The speaker will testify against himself, constructing a narrative of his own faults to justify the beloved's rejection and prove the beloved's virtue.
The speaker weaponizes his own weakness, compiling a confession of faults to justify the beloved's rejection. This is perverse loyalty: by destroying his own reputation preemptively, he ensures the beloved looks noble in leaving him. The paradox is profound—by annihilating himself, he proves his love's authenticity. Self-betrayal becomes the final proof of devotion.
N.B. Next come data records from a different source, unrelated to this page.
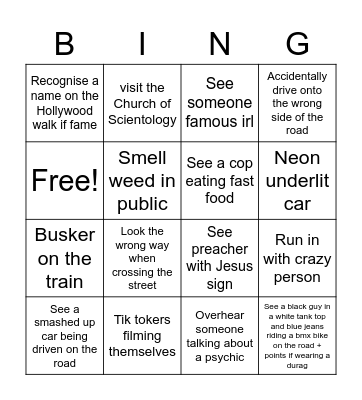 LA Bingo Card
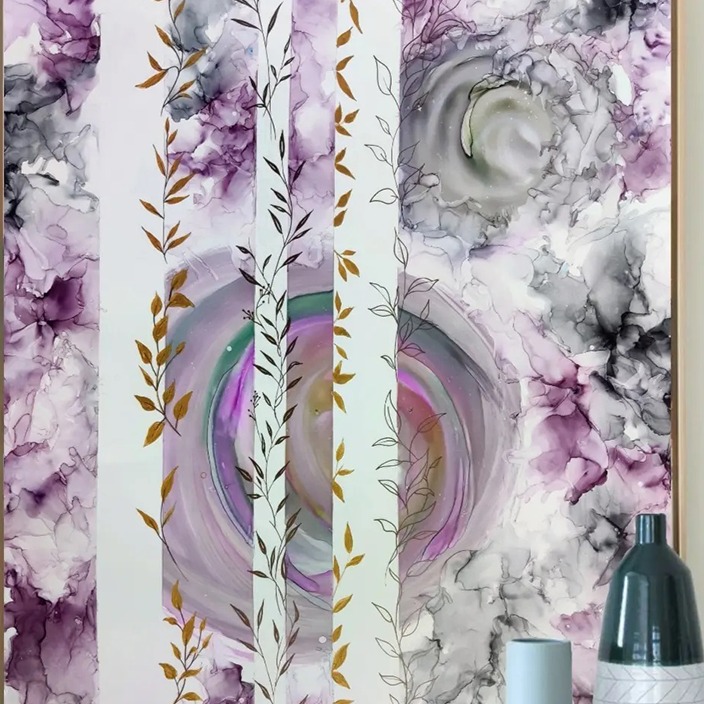 Decorative Trendy Abstract Wall Art Painting - rear_view
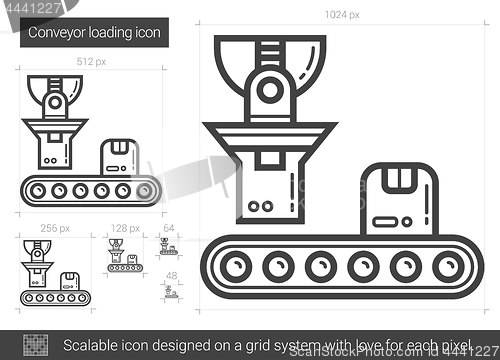 Image of Conveyor loading line icon.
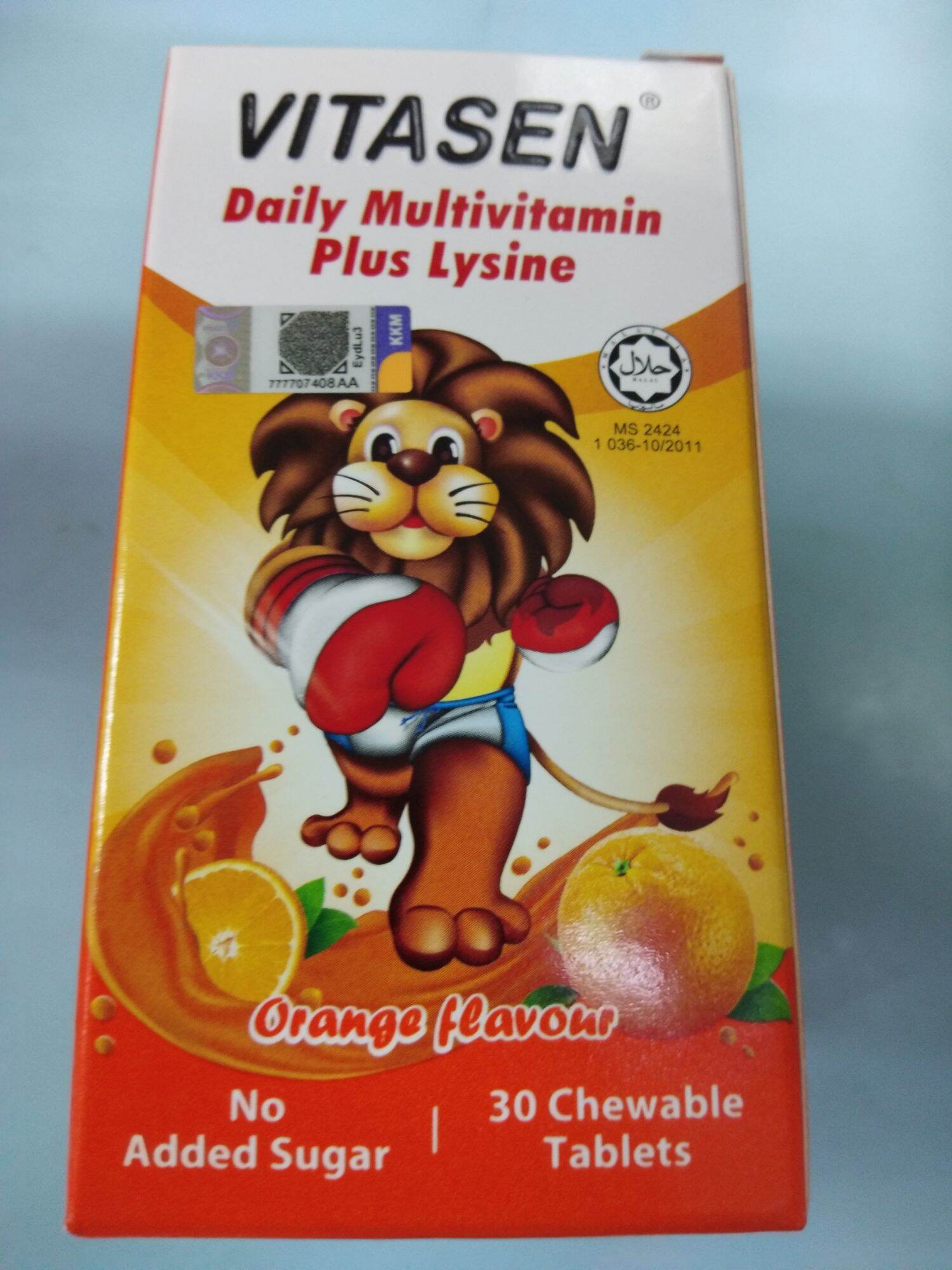 VITASEN Daily Multivitamin Plus Lysine Orange flavour 30 Chewable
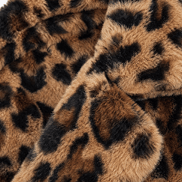 Leora Women's Leopard Print Faux Fur Longline Winter Coat with Open Front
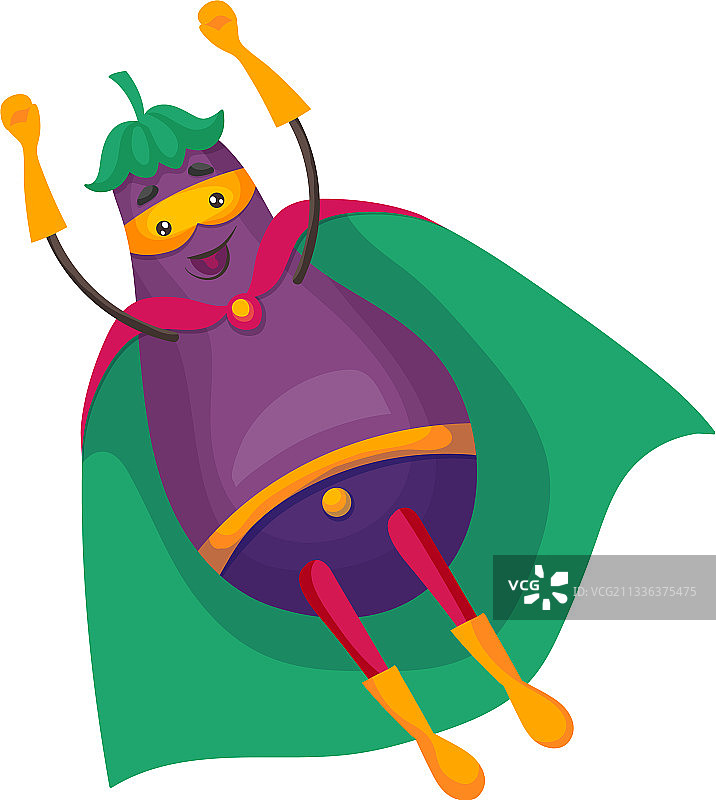 可爱食物茄子披风超人面具图片素材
The sonnet presents masochism as the ultimate expression of sincerity, inverting traditional logic of self-preservation.
The speaker claims he gains even by being destroyed: 'I by this will be a gainer too.' The gain is existential—he demonstrates that his love transcends self-interest or survival. By voluntarily bearing all wrong on behalf of the beloved, he achieves a kind of spiritual victory. This sonnet articulates the martyr's psychology, where loss becomes proof of ultimate possession (of noble feeling, of authentic love, of moral superiority through self-immolation).
When your partner wants to leave, you help them by curating evidence of your own failures—editing your diary to show your worst moments, confessing mistakes you might've hidden. You become the prosecutor of yourself, not to win them back but to earn the dignity of having loved truly through total sacrifice.